The highlight of the event, awards from Owensboro Public Schools Foundation, were presented by Foundation Chairperson Michael Moore. The following grants were awarded to OPS teacher and staff:
Estes Elementary School – $633.34 for Conscious Discipline, Special Education – Nikki Simpson, teacher
Estes Elementary School – $699.30 for Conscious Discipline, Early Learning Academy – Melissa Seaton, teacher
Estes Elementary School – $1,500 for Owensboro Kids Magazine – Faith Harralson and Lauren Magill, teachers
Foust Elementary School – $1,000 for Foust Store Economy – Melissa Stahler, teacher
Foust Elementary School – $1,500 for Success with Series Reading – Adrianne Condray, teacher
Newton Parrish Elementary School – $435.80 for 60 Recorder Instruments and Music Books – Elizabeth Tullis, teacher
Cravens Elementary School – $1,000 for EdMark Reading Program, Special Education – Ashley Jaiswal, teacher
Cravens Elementary School – $600 for PAWS Club Mentor Project – Emily Brown and Ann-Michael Hamilton, teachers
Sutton Elementary School – $2,000 for Kindergarten STEM Projects – Crystal Richards, Tiffany Hoffman, Mary Booth and Susan Bratcher, teachers
Owensboro High School – $500 for Snack Shack, Special Education – Amy Harper, teacher
Owensboro High School – $500 for Early Childhood Education Pathways – Jennifer Busse, teacher
Owensboro High School – $1,500 for College Readiness Opportunities – Monica Rice and Michelle Mayfield, teachers
Cravens Elementary School – $250 for Instructional Supplies and Programs
Estes Elementary School – $250 for Instructional Supplies and Programs
Foust Elementary School – $250 for Instructional Supplies and Programs
Newton Parrish Elem. School – $250 for Instructional Supplies and Programs
Sutton Elementary School – $250 for Instructional Supplies and Programs
Hager Preschool – $250 for Instructional Supplies and Programs
Owensboro Middle School South – $250 for Instructional Supplies and Programs
Owensboro Middle School North – $250 for Instructional Supplies and Programs
Owensboro Innovation Academy – $125 for Instructional Supplies and Programs
Gateway Academy – $125 for Instructional Supplies and Programs
Owensboro High School – $500 for Instructional Supplies and Programs
220 OPS employees donated over $14,000 to the Foundation during school year 2017-2018. This includes contributions from teachers, aides and administrators, as well as many cafeteria, maintenance, and office employees – most from regular payroll deductions. The Foundation Board of Trustees votes to give back at least the same amount, if not more, that employees have donated in the form of innovative mini-grants to each school on a yearly basis.

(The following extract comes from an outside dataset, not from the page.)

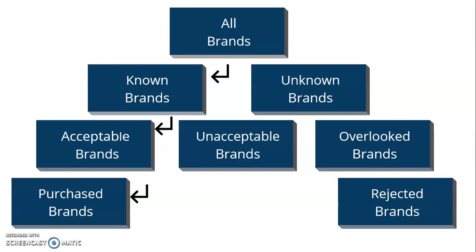This is what we call the evoked set or consideration set. At the top you're putting together all the brands, and as a business you want to be on the left-hand side. The consideration set moves to the second layer of known brands and unknown brands — you obviously want to be a known brand. Moving through that process, you become the acceptable brand: your quality, price, and delivery are all acceptable to them, and they purchase.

The OPS district has 30% employee participation in Foundation contributions which is a very high rate for K-12 schools, according to the National School Foundation Association.
Superintendent Dr. Nick Brake closed the ceremony, noting four significant changes to OPS for the upcoming school year. After starting online registration for the 2018-2019 school year, OPS has seen 94 percent of students registered, which Brake says is “unfathomable,” and matches where the district was by the third day of the previous year. All-day preschool will begin at Hager Preschool and at OPS newest facility, Seven Hills Preschool. This year will mark the first graduating class of the Owensboro Innovation Academy and Brake says a middle school level program is in the planning stages. Lastly, Brake said the biggest change, moving fifth grade students to the elementary school, has been well received across the community and will be a good foundation for next year when sixth grade students move to the middle school.
Brake ended the day by promising to safeguard teachers and to build and advocate for public education both in Owensboro and across the Commonwealth. He challenged the crowd to “let compassion be the driving force” behind each interaction with OPS students this year.